In terms of making the forecast, basically we used the average production over the first year which allowed us to determine the number of wells that you need to offset that 45% decline. And you know, in the spreadsheet you start off assuming—in the case of the Bakken you know, engineering companies are telling us that well technology is getting better and we are making those wells more productive. I actually was doing a check on that for every play. I looked at the average productivity by year from 2009 until 2013. So you can see if in fact, it is going up or if it is not going up.
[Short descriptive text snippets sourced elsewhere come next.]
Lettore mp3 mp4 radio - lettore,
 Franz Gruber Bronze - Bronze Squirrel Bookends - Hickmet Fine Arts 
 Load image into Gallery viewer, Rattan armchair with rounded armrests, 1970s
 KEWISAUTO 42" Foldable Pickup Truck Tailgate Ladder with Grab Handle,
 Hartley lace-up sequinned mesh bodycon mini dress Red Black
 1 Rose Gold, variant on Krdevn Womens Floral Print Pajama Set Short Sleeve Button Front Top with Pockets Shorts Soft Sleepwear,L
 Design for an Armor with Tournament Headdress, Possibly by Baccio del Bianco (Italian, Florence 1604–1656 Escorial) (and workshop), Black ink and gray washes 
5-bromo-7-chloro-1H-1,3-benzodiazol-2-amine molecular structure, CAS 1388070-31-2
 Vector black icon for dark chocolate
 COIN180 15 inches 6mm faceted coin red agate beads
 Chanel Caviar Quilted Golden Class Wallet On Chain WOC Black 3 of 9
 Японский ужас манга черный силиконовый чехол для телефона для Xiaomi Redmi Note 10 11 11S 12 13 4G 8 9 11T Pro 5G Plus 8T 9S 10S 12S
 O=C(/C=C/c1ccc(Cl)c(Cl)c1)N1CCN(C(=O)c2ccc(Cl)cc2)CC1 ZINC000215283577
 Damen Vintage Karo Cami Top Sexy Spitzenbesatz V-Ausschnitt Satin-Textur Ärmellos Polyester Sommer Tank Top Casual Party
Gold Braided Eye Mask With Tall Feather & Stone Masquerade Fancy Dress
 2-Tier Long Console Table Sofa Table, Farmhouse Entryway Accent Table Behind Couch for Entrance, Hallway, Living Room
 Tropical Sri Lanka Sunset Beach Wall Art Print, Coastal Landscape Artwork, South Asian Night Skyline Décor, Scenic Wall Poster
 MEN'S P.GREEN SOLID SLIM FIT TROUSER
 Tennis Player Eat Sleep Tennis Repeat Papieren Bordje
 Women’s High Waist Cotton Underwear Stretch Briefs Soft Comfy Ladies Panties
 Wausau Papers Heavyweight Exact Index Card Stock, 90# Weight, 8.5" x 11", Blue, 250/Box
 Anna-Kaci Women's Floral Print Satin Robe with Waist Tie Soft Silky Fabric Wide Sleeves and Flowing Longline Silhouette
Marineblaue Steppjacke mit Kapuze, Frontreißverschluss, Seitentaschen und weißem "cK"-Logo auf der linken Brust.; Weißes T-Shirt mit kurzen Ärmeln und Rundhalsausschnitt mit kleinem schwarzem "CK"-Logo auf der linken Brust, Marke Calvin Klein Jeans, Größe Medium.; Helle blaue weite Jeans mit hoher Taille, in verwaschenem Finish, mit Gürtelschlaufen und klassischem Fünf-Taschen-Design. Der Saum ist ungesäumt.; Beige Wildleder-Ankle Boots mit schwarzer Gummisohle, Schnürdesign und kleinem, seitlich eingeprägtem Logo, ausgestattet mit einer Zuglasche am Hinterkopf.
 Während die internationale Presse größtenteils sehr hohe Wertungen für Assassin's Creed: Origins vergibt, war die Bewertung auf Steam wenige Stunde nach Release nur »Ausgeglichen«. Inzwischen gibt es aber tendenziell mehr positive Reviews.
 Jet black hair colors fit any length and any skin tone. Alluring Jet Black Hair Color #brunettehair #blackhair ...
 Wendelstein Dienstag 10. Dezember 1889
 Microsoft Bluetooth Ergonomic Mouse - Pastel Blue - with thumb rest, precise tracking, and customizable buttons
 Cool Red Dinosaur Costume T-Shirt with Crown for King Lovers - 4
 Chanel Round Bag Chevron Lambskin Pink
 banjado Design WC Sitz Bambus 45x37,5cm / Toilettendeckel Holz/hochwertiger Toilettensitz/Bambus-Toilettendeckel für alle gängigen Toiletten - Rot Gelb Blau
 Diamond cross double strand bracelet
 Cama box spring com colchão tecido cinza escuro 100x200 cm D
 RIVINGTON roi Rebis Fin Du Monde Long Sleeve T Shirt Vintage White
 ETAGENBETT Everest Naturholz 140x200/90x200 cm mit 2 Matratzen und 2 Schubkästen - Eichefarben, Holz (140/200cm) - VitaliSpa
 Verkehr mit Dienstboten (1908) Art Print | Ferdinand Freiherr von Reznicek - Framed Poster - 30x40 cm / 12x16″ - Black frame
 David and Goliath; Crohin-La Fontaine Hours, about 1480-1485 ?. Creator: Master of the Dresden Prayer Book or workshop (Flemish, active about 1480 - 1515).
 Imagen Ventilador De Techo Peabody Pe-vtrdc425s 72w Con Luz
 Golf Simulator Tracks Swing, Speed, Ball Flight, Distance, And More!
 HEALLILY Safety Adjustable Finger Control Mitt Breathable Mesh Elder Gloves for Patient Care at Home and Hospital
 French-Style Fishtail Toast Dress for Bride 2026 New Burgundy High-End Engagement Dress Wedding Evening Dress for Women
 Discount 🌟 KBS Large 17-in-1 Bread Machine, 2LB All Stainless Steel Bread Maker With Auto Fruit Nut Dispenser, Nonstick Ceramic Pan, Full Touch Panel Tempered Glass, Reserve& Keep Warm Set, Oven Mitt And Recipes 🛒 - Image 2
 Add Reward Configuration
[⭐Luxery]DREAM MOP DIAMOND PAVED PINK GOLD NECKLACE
Chris Martenson:    This is per well productivity, right? So that is what we really care about is productivity of the wells and just at this point I need to interject. I think that the EIA has muddied the water to turning to what they call "per rig" productivity and saying people have thrown this at me a lot lately "oh 300% productivity improvement." No, no, no that is a process improvement because what they have done is they managed to figure out ways to drill multiple wells off a single pad. And they have these things called walking rigs which allows each rig to spend less time in transit and more time drilling. So we are drilling more wells, but what you are talking about is the per well productivity, which is what we really should care about, right? Because if we are getting more oil out of each well then yes, there is more oil coming out of the play. But if we are drilling more wells faster that is not the same thing. So you are talking about per well productivity, right?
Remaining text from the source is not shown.